### Data
- - -

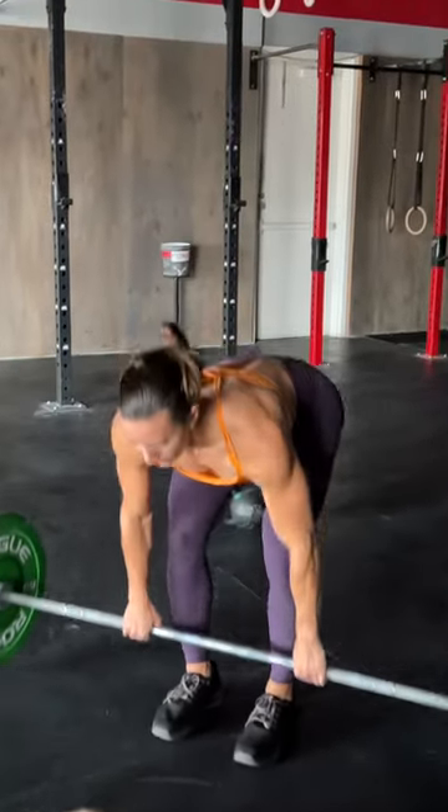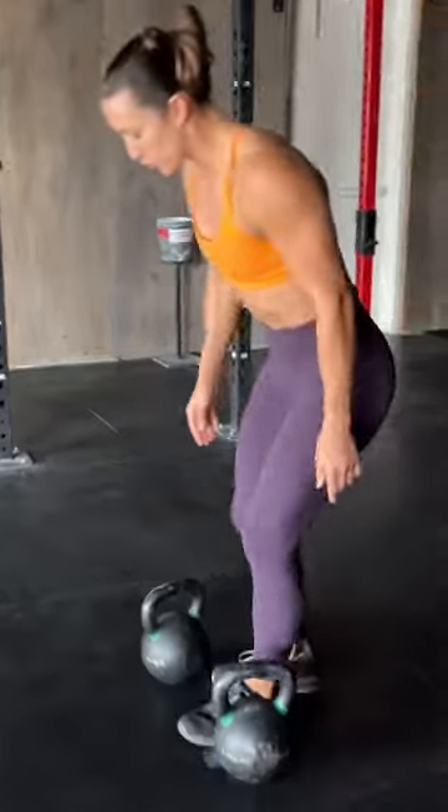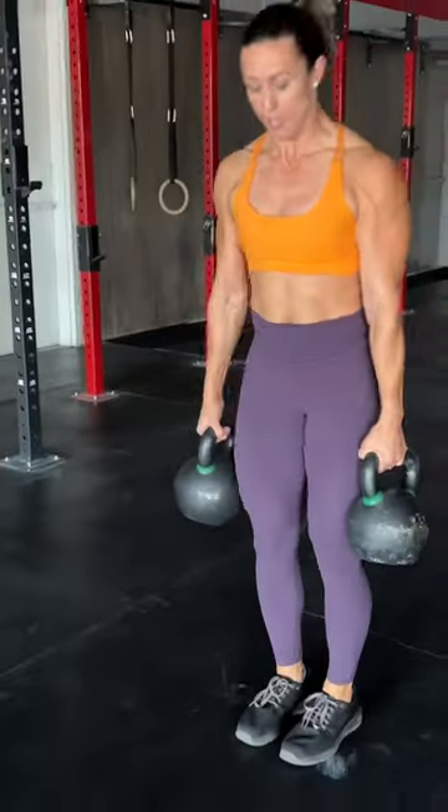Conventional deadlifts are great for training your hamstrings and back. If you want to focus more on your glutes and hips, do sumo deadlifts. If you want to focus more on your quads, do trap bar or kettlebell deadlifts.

- - -

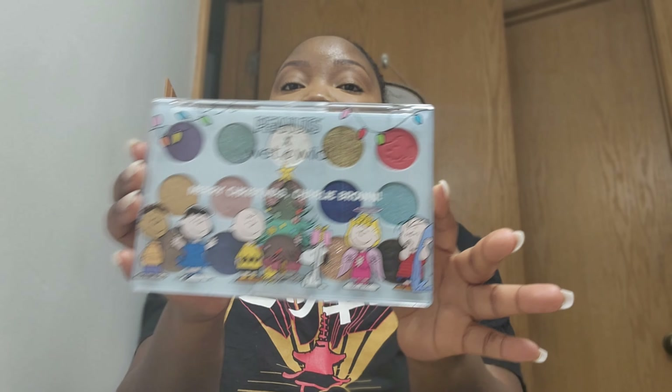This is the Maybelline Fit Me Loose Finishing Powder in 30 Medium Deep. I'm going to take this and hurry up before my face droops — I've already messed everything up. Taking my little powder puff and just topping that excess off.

- - -

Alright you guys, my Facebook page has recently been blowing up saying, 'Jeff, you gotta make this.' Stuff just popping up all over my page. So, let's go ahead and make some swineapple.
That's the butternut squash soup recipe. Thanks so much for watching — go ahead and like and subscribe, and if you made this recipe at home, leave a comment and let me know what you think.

- - -

### Problem to solve
Your answer must be the lines above from the one containing "Alright you guys, my" to the one containing "That's the butternut", both included, restated word for word.

### Written response
Alright you guys, my Facebook page has recently been blowing up saying, 'Jeff, you gotta make this.' Stuff just popping up all over my page. So, let's go ahead and make some swineapple.
That's the butternut squash soup recipe. Thanks so much for watching — go ahead and like and subscribe, and if you made this recipe at home, leave a comment and let me know what you think.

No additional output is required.